(TASK INPUT)
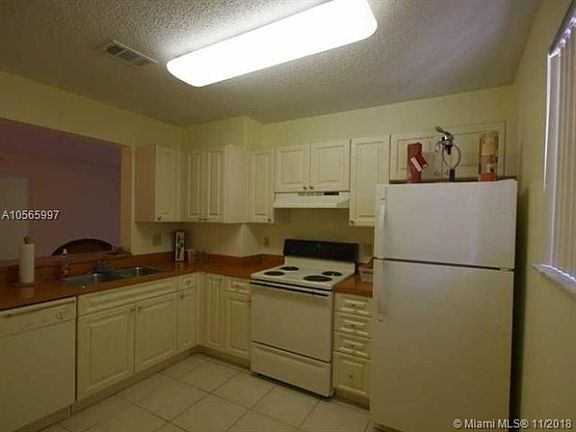 4th image of 12272 Royal Palm Blvd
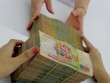 Việc bán nợ cho VAMC mới chỉ gom được nợ xấu về một mối, nhưng vẫn chưa tìm được đầu ra cho nợ xấu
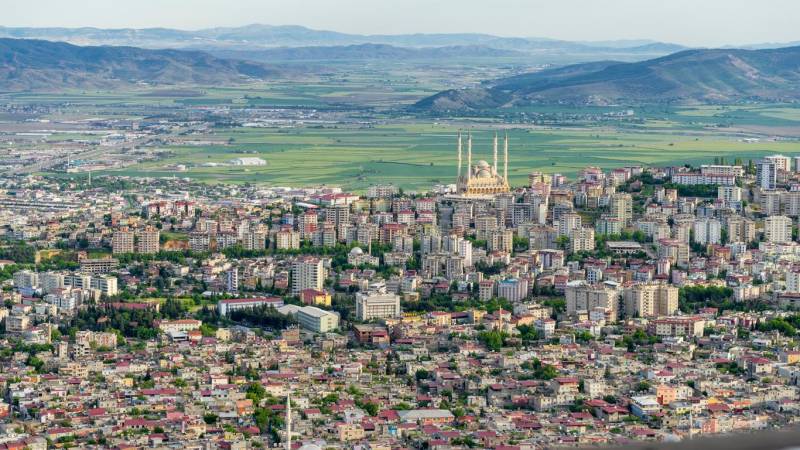 Dağıntılar altından sağ çıxarılan tələbələr Azərbayacana QAYITDI - FOTO+VİDEO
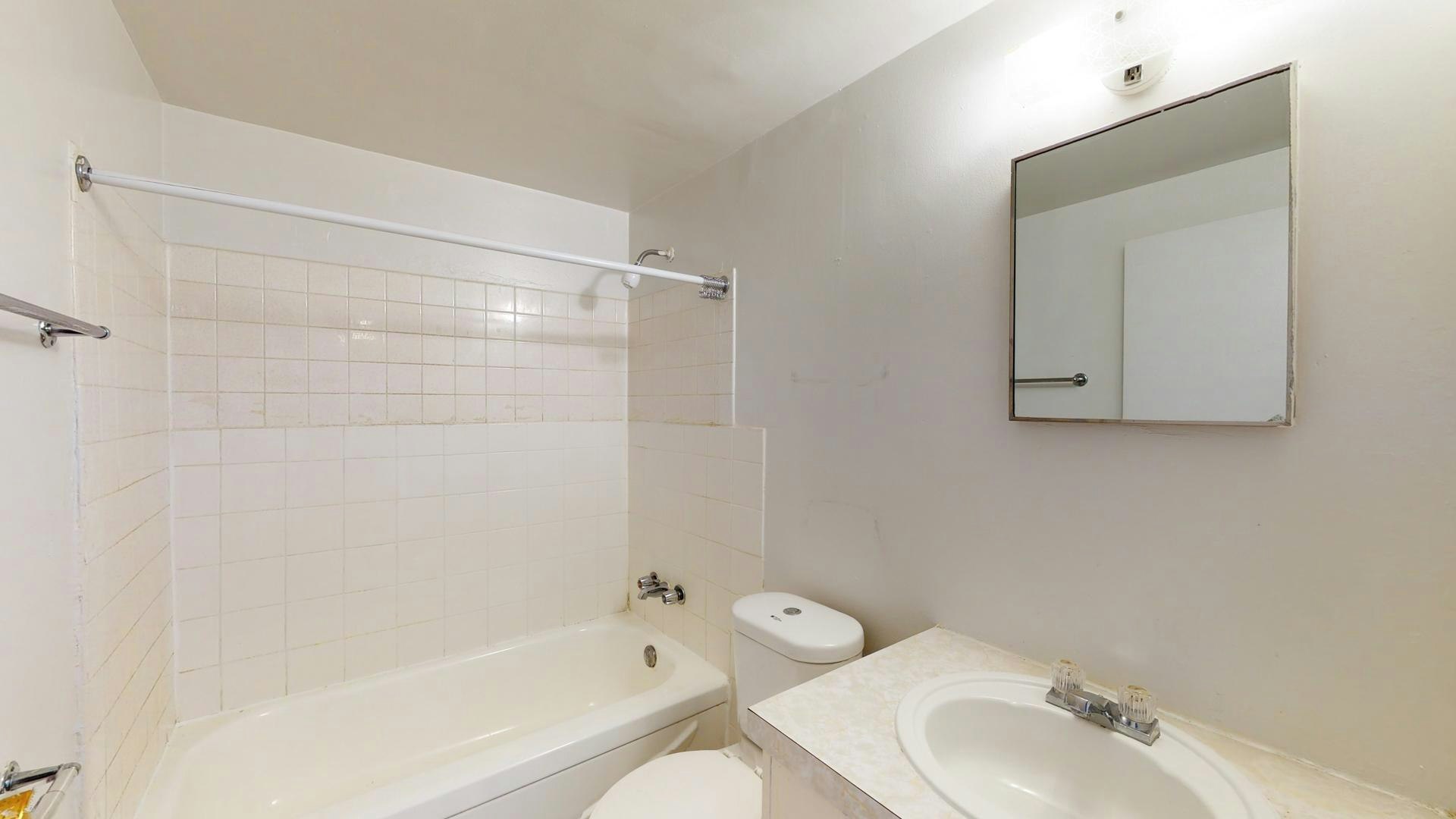 230 Gloucester Street, Ottawa, ON, K2P 0R2 - 3
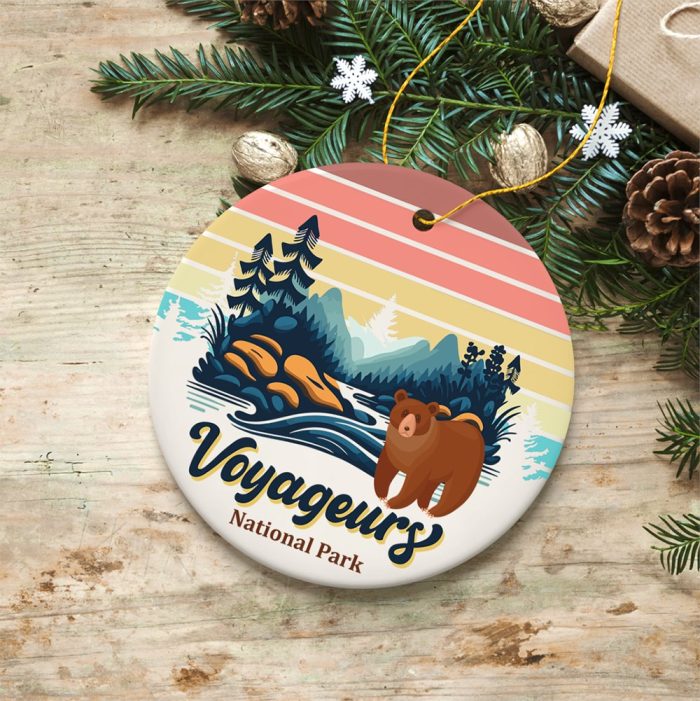 FORPRODUCTVoyageursNationalParkRetroStyleOrnament MinnesotaUSATouristAttractionandGift3DMockup 04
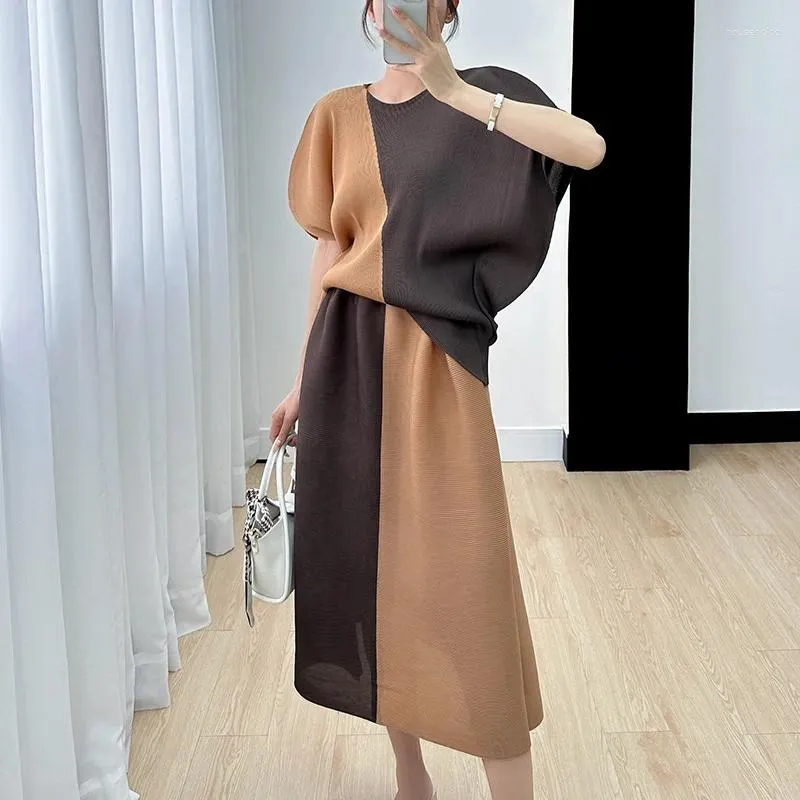 Sukienki robocze Miyake Temperament Zestaw 2024 Letnia moda wysokiej klasy blok kolorów plisowana top luźna spódnica dwuczęściowe zestawy kobiet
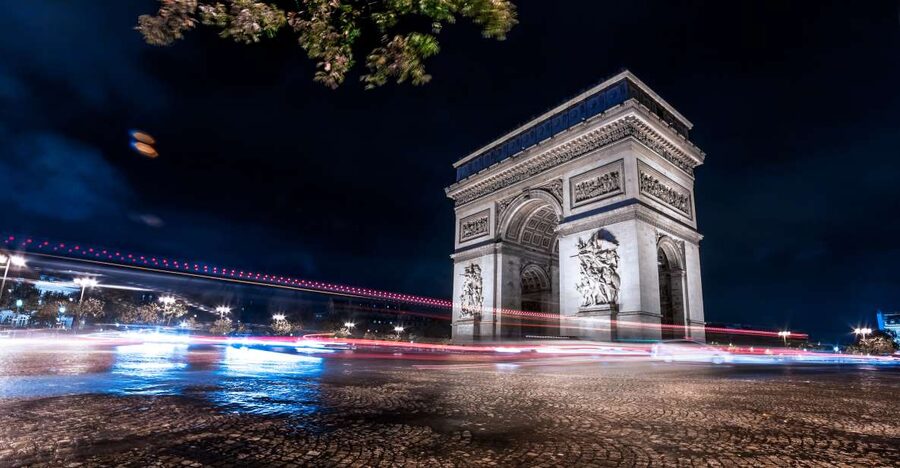 Paris: Panoramic Night Tour with Audio Guide and Host - Place de l’Opéra and the grand central Paris route
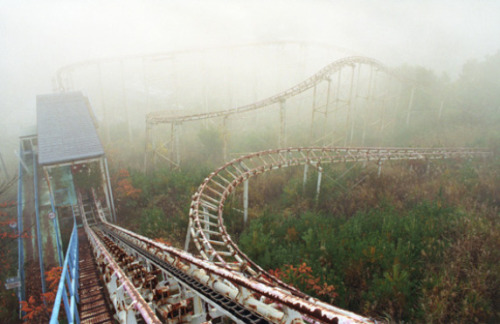 creepyabandonedplaces:  Okpo LandOkpo City, South Korea    The park was shut down in 1999 due to many mysterious fatal accidents in the park. The last fatal accident that occurred before the park was shut down was when a young girl tragically fell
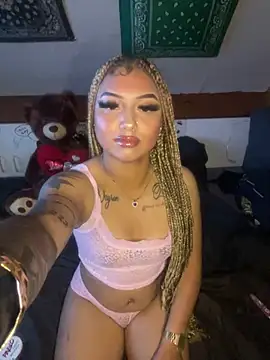 YoungXylena online show from 1, 6, 2026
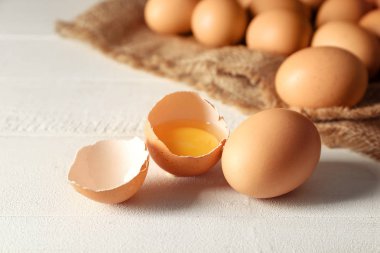 Kırık ve beyaz masaya bütün tavuk yumurta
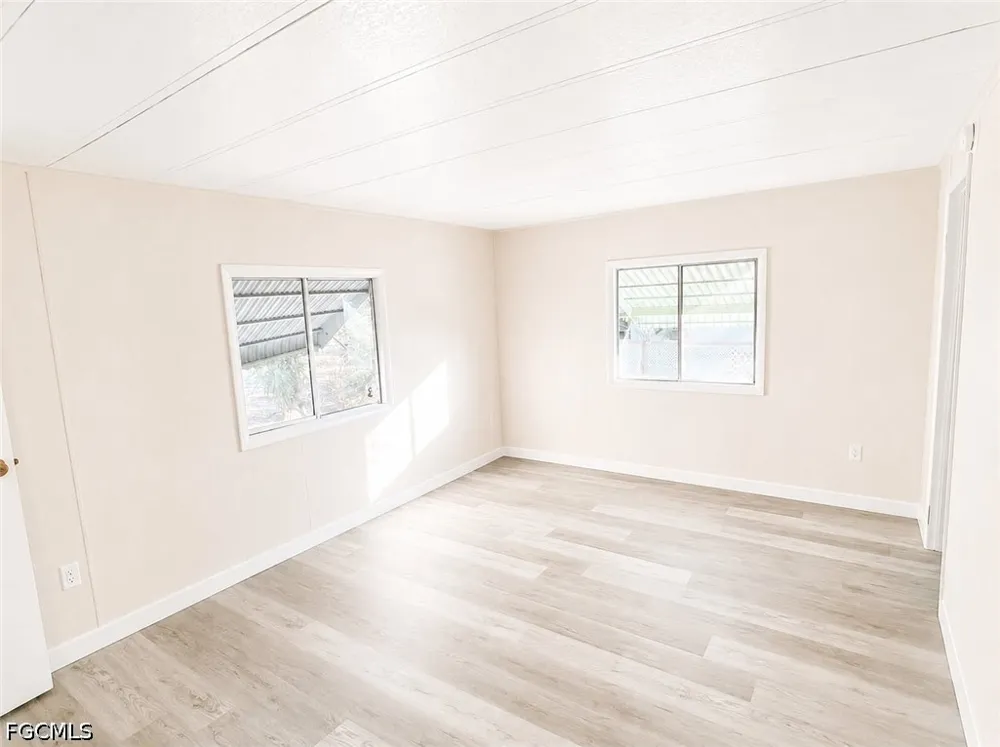 SALISBURY DRIVE Brooksville, FL 34613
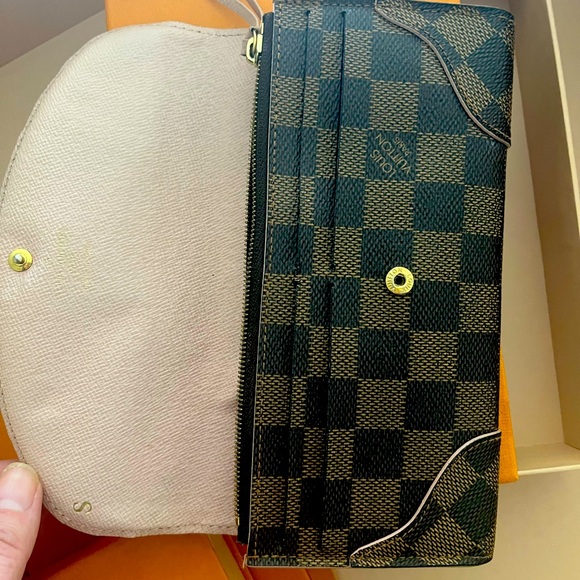 Authentic Louis Vuitton Caissa Wallet - Picture 9 of 13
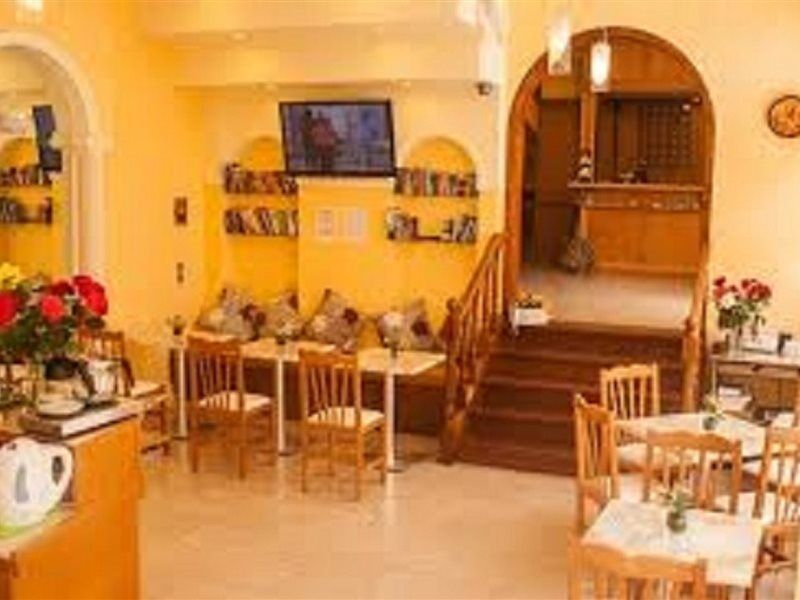 Bella Vista Beach Hotel And Studios Benitses  Luaran gambar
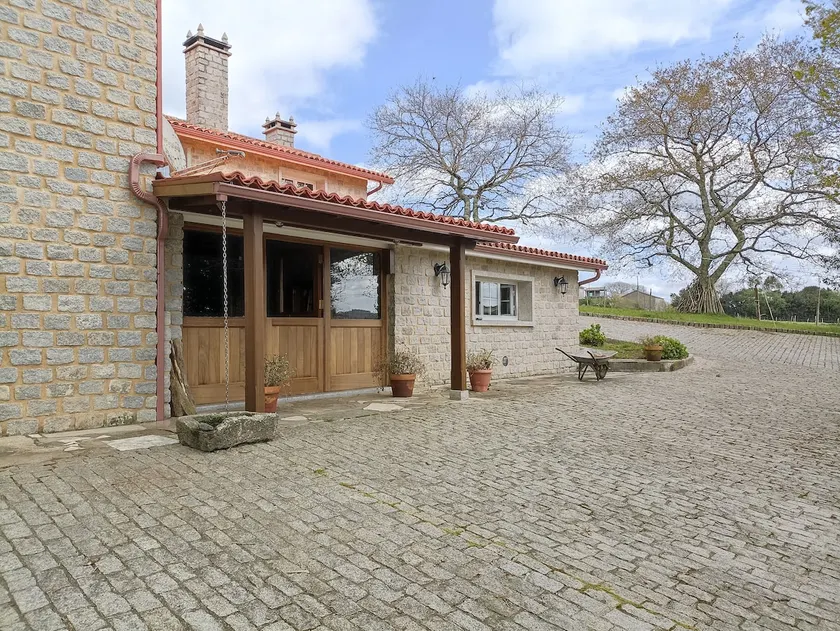 Country house near Pantín. - Image 1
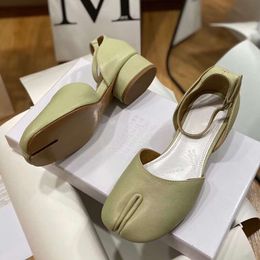 Maisons de luxe sandales chaussures Mary-Jane Tabi Nappa cuir Margielas escarpins fête robe de mariée talons épais confort marche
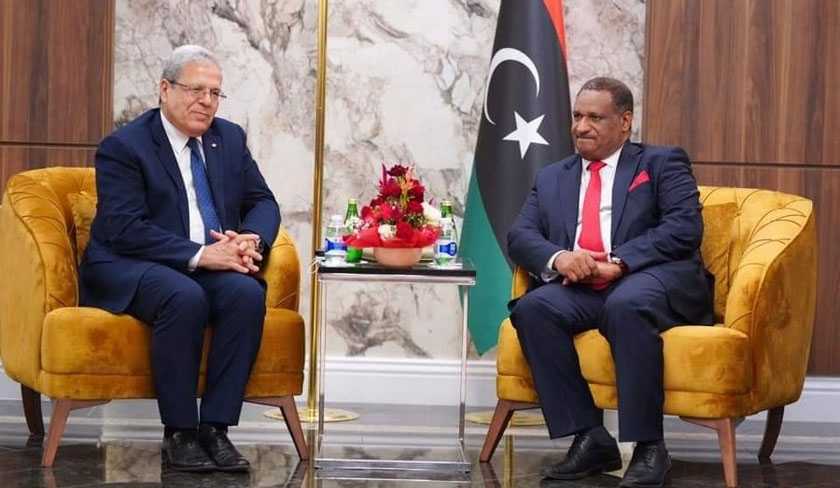 خطأ في البروتوكول يُحرج الخارجية الليبية لدى استقبال الجرندي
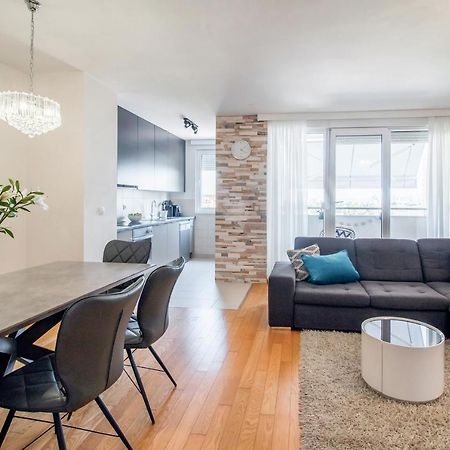 Apartment Montesa Zadar With Free Parking And Balcony Exterior foto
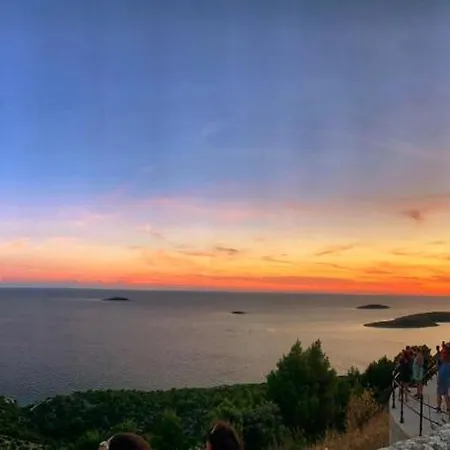 Milano * Rogoznica (Sibenik-Knin)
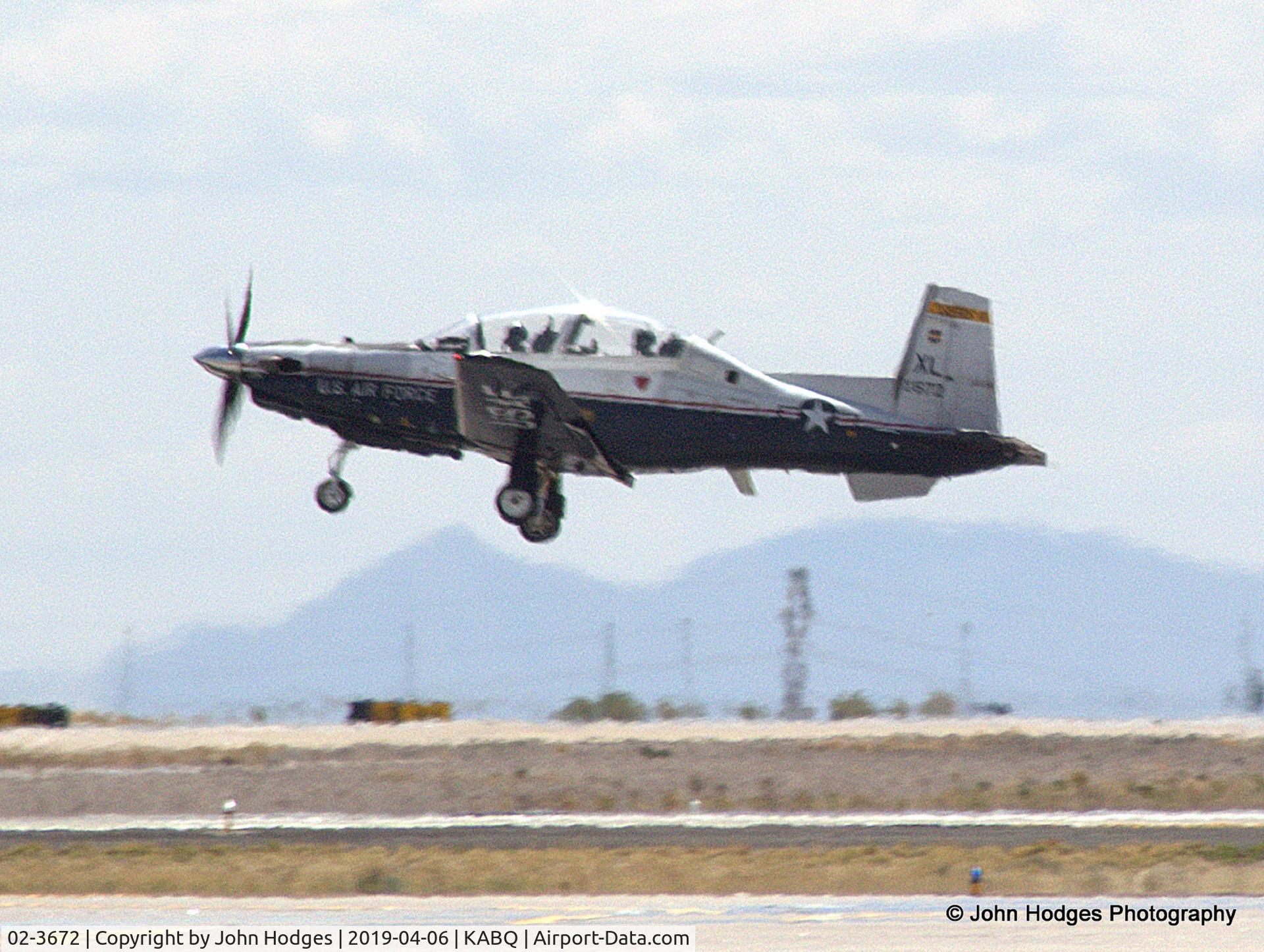 02-3672, 2002 Raytheon T-6A Texan II C/N PT-217, Taking off Rwy 08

(WHAT YOU NEED TO DO)
From the opening line of the listing above through the line bearing "230 Gloucester Street, Ottawa, ON, K2P", repeat each line exactly. Drop every picture.

(TASK ANSWER)
 4th image of 12272 Royal Palm Blvd
 Việc bán nợ cho VAMC mới chỉ gom được nợ xấu về một mối, nhưng vẫn chưa tìm được đầu ra cho nợ xấu
 Dağıntılar altından sağ çıxarılan tələbələr Azərbayacana QAYITDI - FOTO+VİDEO
 230 Gloucester Street, Ottawa, ON, K2P 0R2 - 3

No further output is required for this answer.